Paralelamente los Kirchner fueron acumulando tanta furia en su contra (por su desmedida ambición monetaria, por sus robos, por su trato prepotente altanero y soberbio y, especialmente con Cristina Fernández, sus estrepitosos fracasos) que una buena parte de la sociedad independiente y del propio peronismo histórico fue reclamando una “renovación” que pusieran punto final a los que muchos definieron como un “secuestro” del peronismo a manos de los Kirchner. (La figura es original del histórico dirigente peronista Daniel Basile).
Toda esta sucesión de hechos podría terminar en los próximos meses con Axel Kicillof como presidente del Partido Justicialista.
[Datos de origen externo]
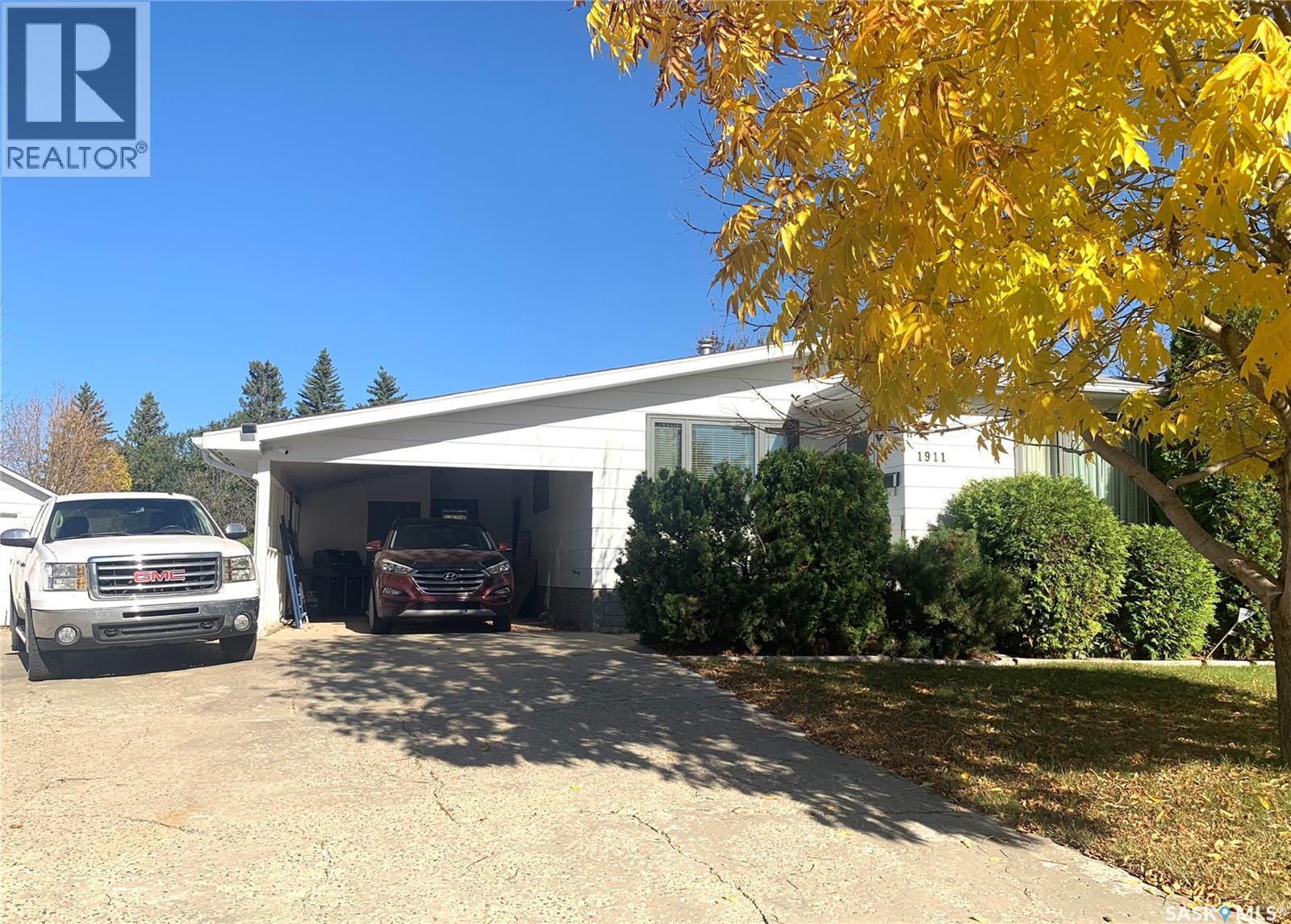 1911 Bowers Dr, North Battleford, SK S9A 3B9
Reitero, el hombre que confiesa ser marxista de formación (aunque, siguiendo con la táctica del camuflaje, dice aplicar los principios económicos de John Maynard Keynes) y que arruinó a la Argentina con decisiones que significaron la pérdida de miles de millones de dólares (YPF [en una movida que, insisto una vez más, para mí fue una clara maniobra de los Kirchner que usaron a Kicillof para quedarse con la empresa o, lo que es lo mismo, con el súper millonario producido de la indemnización correspondiente por la mala praxis aplicada en el proceso de su confiscación], Club de París, negociación frustrada con los holdouts, juicios del CIADI, bonos del cupón PBI, etc) podría convertirse en el mandamás del partido que ha dominado la escena política argentina de las últimas ocho décadas y que podría hacerlo su candidato a presidente en 2027.
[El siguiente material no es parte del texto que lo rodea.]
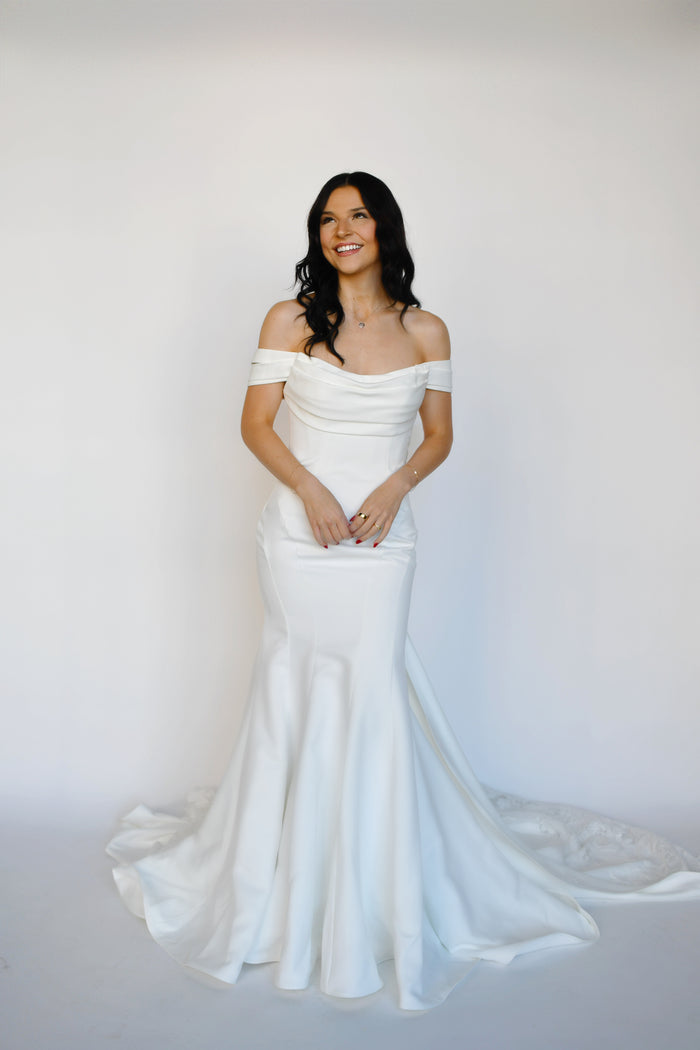 34340 - Pleated Bodice Fit and Flare with Detachable Lace Train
Quienes en el peronismo (y por fuera también) están contentos con esta deriva quizás deberían pensarlo una vez más. No porque eso implique defender a los Kirchner (responsables paradójicos y principales justamente de que el peronismo haya llegado a esto) sino porque la solución no es que la avanzada marxista dentro del movimiento creado por Perón corone su éxito, sino que lo que hasta hoy fue un rejunte informe de literalmente cualquier cosa, se siente a pensar una propuesta ordenada para la sociedad que contemple, si querés, los aspectos de sensibilidad y de igualdad que todo pueblo puede legítimamente tener, pero que abandone definitivamente el culto a la personalidad, la ambición vacía del poder por el poder mismo y que se concentre en construir una base doctrinaria seria que, dentro de la civilización económica (que “uno más uno te de dos”), le presente a la sociedad una alternativa de poder razonable que no consista simplemente en romper todo (incluyendo en ese todo a la mismísima ley de gravedad), sino en un programa ordenado que le de proyección, horizonte y seguridad a los que tienen en sus manos la posibilidad de generar un mejor nivel de vida para todos, gente, toda esa, que no moverá un dedo hasta que no vea que esa garantía mínima de armonía esté asegurada.
Y, con sinceridad, no creo que ese escenario vaya a entregarlo un señor que sostiene que la URSS no habría caído si en aquellos tiempos hubiera existido el Excel.